Most of this chapter is what I've previously called "plot spackle" - introducing a new plot element and then inserting more plot to cover over the holes that some nasty ol' critic might find. For example, my first thought was that all of this seemed unnecessary - after all, it the Evil Future Government wanted to track people and financial transactions without anyone's consent, why not use biometrics? That technology already exists, and with sufficient accuracy and ubiquity it could be used to facilitate money transfers and even follow people around a la the Cybercog FASTR system from The Oasis is Burning or the similar system in The Fabulist (what can I say? Surveillance defines my world). But that won't work, because "hackers had learned to duplicate [them] as fast as the novel authentications had been brought in." Well, that's convenient.

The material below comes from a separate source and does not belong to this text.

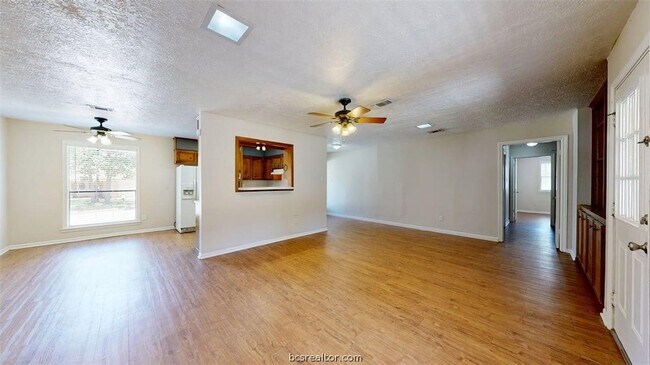 Foto del edificio - 2812 Adrienne Dr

All right, so what about hackers? And what about mundane network failures that would put an end to all transactions and send the system into turmoil? In the first part of the book, we're told that electronic transactions are virtually unheard of thanks to the "Stone Age," so why is everyone cool with it now? Well, it seems that the chips are "unhackable" (because why not just say that?) and everyone is now cool with those electronic transfers that they once feared because the Future Evil Government paid them off, the dumb sheep. And as far as network failures...well, I guess that doesn't happen, either. It's not like complex systems ever fail or anything.
All of this is part of a scheme by the Bureau for Social Contribution Assistance (read: the IRS) to tax everyone to death. We'll deal with them later, as they're the villains in this briefest of sequels. For now, all you need to know is that the filthy Keynesians are taxing people at 77 percent, with negative interest rates for savings because SAVINGS ARE BAD. Keynesians believe that, right? That's totally a plausible policy in the Most Realistic Dystopian Novel Ever Written.